→ **WHAT IS NEEDED**
Which lines run from the one containing "Studio Nicholson Marylebone jeans - Blu" to the end of the material below? Copy them exactly, pictures excluded.

→ **DATASET RECORDS**
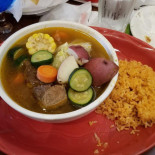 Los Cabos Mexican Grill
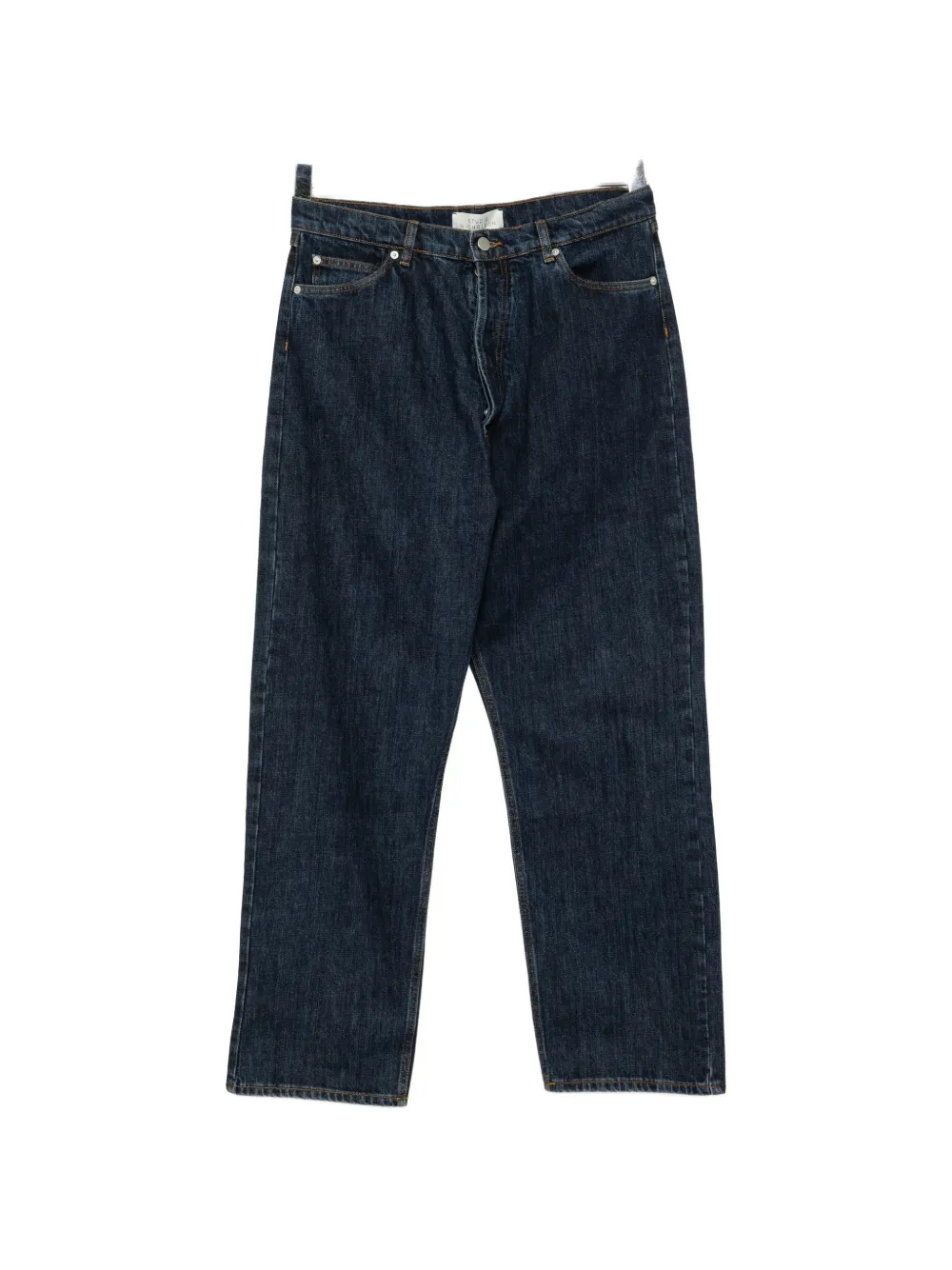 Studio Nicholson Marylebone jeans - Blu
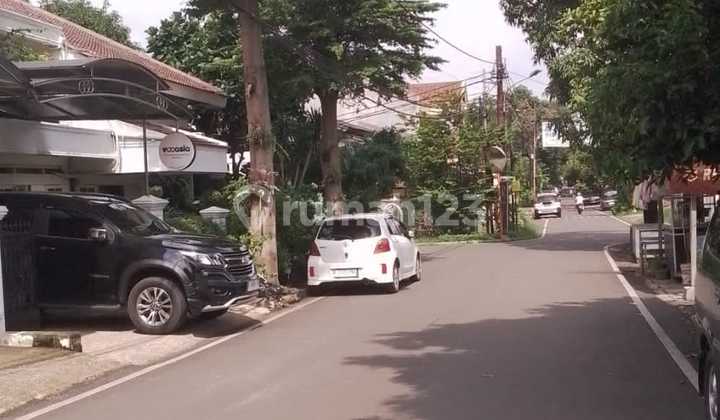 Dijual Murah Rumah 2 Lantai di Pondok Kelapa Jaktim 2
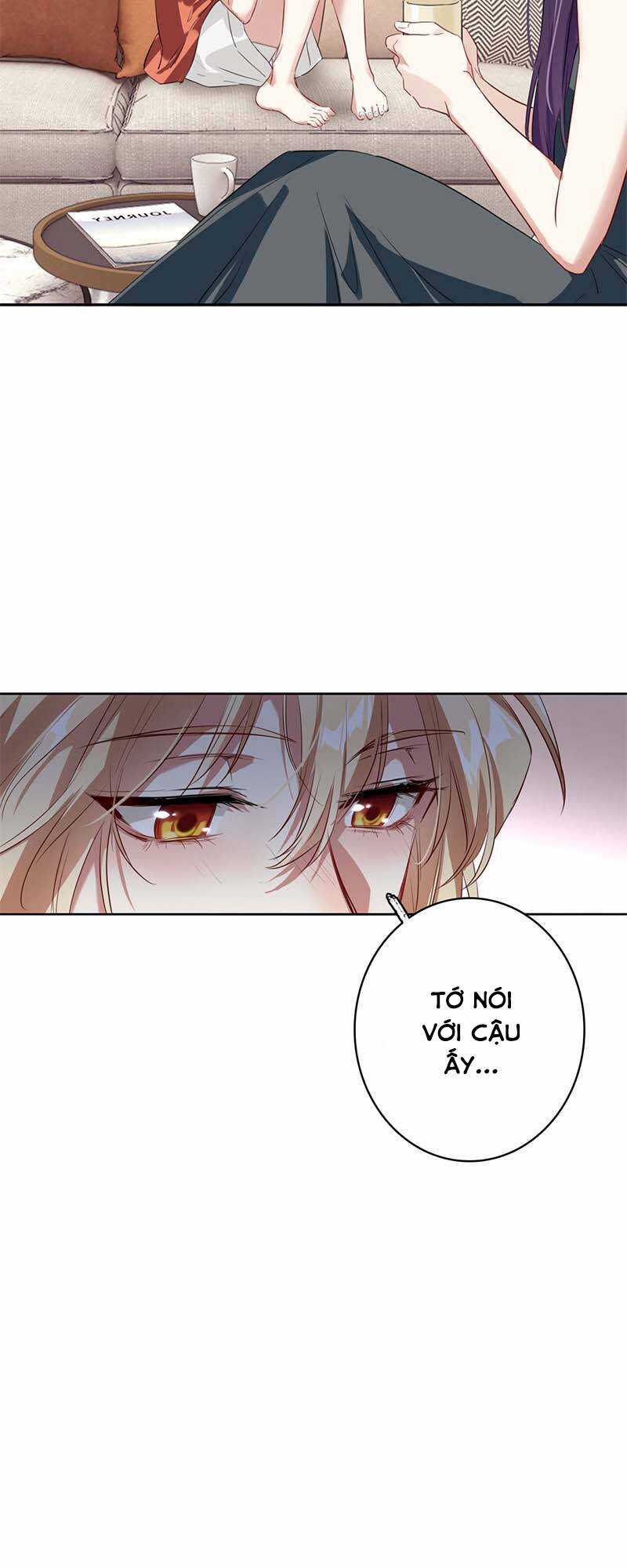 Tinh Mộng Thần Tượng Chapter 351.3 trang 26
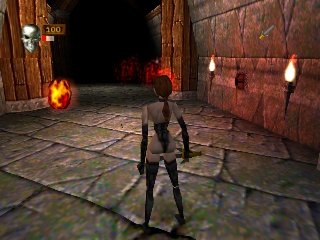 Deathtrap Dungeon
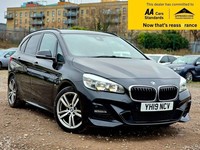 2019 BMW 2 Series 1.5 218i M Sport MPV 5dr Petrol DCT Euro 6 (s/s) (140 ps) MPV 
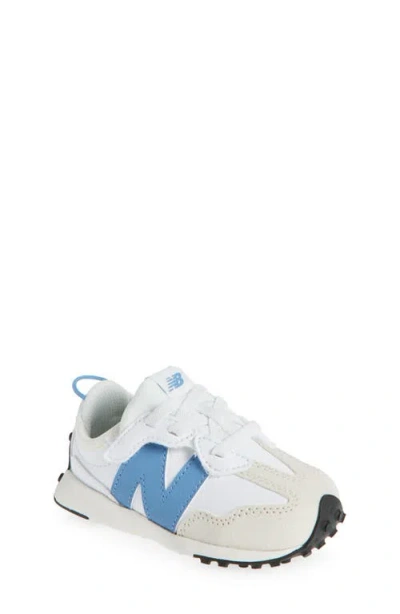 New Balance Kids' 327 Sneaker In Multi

→ **SOLUTION TO THE PROBLEM**
 Studio Nicholson Marylebone jeans - Blu
 Dijual Murah Rumah 2 Lantai di Pondok Kelapa Jaktim 2
 Tinh Mộng Thần Tượng Chapter 351.3 trang 26
 Deathtrap Dungeon
 2019 BMW 2 Series 1.5 218i M Sport MPV 5dr Petrol DCT Euro 6 (s/s) (140 ps) MPV 
 New Balance Kids' 327 Sneaker In Multi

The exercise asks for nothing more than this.